[Opening PROVIDED INFORMATION section]
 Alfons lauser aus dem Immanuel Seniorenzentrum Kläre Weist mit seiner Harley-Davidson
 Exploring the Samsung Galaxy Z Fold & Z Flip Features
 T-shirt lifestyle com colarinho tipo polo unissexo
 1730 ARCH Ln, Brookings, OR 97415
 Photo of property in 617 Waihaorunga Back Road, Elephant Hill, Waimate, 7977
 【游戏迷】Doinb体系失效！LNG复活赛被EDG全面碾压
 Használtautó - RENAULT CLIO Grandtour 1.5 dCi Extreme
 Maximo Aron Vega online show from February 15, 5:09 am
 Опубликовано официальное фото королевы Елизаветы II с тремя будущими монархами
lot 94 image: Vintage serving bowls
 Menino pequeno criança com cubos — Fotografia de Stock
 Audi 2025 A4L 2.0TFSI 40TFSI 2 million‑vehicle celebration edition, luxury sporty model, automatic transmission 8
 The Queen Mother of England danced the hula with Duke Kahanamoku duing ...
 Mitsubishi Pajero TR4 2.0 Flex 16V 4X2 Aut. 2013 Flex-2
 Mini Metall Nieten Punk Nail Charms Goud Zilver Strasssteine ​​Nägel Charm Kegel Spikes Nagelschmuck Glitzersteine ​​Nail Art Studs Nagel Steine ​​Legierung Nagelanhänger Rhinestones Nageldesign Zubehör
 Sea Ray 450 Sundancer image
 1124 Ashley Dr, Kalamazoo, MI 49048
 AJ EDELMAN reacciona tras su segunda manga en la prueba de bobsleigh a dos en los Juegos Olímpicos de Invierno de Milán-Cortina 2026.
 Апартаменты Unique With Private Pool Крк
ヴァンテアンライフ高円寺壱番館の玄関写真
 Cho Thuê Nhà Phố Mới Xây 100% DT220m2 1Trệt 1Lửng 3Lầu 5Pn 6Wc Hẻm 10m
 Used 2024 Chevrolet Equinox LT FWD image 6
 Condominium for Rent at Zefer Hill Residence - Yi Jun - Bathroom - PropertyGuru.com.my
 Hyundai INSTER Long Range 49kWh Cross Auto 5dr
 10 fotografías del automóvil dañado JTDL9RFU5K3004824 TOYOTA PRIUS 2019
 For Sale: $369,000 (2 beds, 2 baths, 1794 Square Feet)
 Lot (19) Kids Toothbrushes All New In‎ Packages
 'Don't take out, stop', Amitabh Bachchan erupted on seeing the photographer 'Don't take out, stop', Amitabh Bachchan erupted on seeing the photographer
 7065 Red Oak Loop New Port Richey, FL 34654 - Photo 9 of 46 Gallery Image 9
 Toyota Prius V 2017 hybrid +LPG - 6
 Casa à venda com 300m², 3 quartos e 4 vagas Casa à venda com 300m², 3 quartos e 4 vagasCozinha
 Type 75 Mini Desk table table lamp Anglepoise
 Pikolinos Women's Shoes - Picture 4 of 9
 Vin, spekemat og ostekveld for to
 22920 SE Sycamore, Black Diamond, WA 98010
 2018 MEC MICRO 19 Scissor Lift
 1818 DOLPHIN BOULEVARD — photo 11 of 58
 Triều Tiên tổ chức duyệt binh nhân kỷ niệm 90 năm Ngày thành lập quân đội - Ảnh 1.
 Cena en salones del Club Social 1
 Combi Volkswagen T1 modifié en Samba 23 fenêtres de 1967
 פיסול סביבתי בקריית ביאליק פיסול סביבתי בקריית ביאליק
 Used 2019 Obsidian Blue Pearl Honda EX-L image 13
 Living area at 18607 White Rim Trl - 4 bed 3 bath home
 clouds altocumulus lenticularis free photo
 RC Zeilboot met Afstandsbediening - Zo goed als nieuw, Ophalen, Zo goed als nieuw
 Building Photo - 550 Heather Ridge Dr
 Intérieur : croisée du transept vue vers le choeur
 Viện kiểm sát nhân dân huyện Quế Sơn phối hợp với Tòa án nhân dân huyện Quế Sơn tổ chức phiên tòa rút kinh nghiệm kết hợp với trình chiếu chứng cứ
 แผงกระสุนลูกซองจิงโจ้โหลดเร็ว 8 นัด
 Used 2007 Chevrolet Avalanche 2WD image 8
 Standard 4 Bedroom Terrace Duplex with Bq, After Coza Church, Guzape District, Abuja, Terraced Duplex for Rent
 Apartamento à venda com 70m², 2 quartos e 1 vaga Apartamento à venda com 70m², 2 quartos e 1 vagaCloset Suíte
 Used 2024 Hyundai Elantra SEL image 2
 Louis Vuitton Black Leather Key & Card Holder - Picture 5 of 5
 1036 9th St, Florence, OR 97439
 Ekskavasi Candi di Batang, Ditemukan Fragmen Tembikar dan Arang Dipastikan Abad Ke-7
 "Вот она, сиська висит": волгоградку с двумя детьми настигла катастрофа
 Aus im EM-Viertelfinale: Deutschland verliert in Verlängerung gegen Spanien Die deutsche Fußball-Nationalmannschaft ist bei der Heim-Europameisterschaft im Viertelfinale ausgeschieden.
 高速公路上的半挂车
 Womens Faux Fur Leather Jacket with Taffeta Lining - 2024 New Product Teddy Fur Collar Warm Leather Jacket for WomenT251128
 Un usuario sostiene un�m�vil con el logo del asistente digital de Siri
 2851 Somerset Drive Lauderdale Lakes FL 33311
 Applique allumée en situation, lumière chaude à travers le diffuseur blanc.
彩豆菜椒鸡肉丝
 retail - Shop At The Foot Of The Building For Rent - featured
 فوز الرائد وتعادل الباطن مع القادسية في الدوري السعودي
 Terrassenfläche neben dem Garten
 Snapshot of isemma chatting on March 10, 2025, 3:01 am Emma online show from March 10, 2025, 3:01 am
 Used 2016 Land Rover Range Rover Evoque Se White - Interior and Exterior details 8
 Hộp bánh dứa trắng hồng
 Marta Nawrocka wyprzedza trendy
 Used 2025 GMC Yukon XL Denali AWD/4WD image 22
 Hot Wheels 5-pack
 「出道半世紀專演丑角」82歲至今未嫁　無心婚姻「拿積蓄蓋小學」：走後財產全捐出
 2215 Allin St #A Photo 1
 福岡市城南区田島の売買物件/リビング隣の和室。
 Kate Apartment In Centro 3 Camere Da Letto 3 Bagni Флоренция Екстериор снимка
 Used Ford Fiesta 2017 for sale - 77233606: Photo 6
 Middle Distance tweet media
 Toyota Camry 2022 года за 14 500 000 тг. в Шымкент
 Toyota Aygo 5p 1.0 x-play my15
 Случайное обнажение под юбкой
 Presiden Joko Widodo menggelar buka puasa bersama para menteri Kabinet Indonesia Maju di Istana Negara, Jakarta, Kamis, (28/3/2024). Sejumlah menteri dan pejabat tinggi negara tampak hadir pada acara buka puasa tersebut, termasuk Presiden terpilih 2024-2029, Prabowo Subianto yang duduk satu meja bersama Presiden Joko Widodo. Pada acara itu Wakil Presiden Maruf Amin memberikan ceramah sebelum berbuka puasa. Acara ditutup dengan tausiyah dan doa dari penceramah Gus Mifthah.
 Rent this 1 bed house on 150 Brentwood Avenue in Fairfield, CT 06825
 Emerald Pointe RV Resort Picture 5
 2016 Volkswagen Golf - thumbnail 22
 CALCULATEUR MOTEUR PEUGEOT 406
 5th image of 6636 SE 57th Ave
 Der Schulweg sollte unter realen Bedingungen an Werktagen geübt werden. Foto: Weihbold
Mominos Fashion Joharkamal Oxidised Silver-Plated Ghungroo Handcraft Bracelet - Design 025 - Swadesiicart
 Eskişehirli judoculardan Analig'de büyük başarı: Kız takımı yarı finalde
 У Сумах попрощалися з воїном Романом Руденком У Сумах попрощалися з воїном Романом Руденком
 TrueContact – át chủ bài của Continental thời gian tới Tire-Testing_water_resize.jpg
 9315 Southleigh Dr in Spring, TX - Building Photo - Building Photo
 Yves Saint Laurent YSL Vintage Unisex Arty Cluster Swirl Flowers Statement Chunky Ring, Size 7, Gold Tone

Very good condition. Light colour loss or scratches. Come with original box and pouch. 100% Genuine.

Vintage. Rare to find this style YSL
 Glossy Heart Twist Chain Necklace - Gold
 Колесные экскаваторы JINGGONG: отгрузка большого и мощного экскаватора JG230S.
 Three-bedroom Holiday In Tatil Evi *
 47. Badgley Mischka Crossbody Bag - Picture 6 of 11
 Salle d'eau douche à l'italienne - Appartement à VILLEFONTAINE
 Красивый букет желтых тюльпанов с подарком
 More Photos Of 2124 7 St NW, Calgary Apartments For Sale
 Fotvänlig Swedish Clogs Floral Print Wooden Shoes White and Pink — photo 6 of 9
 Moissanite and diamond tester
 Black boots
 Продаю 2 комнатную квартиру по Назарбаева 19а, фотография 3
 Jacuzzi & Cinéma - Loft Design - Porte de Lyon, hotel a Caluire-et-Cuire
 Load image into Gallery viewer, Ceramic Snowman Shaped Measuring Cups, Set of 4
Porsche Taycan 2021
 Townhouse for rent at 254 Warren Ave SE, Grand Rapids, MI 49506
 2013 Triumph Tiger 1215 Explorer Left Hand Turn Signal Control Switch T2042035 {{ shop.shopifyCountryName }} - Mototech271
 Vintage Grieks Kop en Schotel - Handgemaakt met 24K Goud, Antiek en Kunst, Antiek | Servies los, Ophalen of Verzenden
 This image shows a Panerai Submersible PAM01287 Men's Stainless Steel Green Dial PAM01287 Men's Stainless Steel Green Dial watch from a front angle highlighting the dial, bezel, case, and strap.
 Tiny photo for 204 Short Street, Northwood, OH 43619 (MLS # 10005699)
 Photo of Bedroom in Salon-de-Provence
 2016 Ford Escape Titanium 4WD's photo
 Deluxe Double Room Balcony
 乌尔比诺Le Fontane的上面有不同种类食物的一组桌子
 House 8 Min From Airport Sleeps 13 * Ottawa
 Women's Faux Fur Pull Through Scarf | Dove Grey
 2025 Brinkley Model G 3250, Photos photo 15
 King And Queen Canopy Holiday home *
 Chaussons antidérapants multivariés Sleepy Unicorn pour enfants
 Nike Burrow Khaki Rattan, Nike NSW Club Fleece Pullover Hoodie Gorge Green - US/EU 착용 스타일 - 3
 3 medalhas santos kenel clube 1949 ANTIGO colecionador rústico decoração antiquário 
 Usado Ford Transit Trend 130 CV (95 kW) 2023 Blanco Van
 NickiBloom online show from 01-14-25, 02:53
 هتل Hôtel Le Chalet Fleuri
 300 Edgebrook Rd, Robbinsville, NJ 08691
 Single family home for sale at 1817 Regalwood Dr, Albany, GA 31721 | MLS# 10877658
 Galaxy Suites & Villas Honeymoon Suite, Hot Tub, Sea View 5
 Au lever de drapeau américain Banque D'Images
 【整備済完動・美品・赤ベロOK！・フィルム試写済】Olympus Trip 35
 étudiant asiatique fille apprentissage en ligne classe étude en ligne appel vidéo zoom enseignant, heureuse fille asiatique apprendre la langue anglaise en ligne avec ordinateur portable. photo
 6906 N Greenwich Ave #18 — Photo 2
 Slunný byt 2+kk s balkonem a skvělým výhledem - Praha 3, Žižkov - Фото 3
[Closing PROVIDED INFORMATION section]
- [INSTRUCTIONS FOR THE TASK] Your task is to restate, word for word, only those lines above that fall between the line holding "Menino pequeno criança" and the line holding "Lot (19) Kids", inclusive.

- [ANSWER BOX]
 Menino pequeno criança com cubos — Fotografia de Stock
 Audi 2025 A4L 2.0TFSI 40TFSI 2 million‑vehicle celebration edition, luxury sporty model, automatic transmission 8
 The Queen Mother of England danced the hula with Duke Kahanamoku duing ...
 Mitsubishi Pajero TR4 2.0 Flex 16V 4X2 Aut. 2013 Flex-2
 Mini Metall Nieten Punk Nail Charms Goud Zilver Strasssteine ​​Nägel Charm Kegel Spikes Nagelschmuck Glitzersteine ​​Nail Art Studs Nagel Steine ​​Legierung Nagelanhänger Rhinestones Nageldesign Zubehör
 Sea Ray 450 Sundancer image
 1124 Ashley Dr, Kalamazoo, MI 49048
 AJ EDELMAN reacciona tras su segunda manga en la prueba de bobsleigh a dos en los Juegos Olímpicos de Invierno de Milán-Cortina 2026.
 Апартаменты Unique With Private Pool Крк
ヴァンテアンライフ高円寺壱番館の玄関写真
 Cho Thuê Nhà Phố Mới Xây 100% DT220m2 1Trệt 1Lửng 3Lầu 5Pn 6Wc Hẻm 10m
 Used 2024 Chevrolet Equinox LT FWD image 6
 Condominium for Rent at Zefer Hill Residence - Yi Jun - Bathroom - PropertyGuru.com.my
 Hyundai INSTER Long Range 49kWh Cross Auto 5dr
 10 fotografías del automóvil dañado JTDL9RFU5K3004824 TOYOTA PRIUS 2019
 For Sale: $369,000 (2 beds, 2 baths, 1794 Square Feet)
 Lot (19) Kids Toothbrushes All New In‎ Packages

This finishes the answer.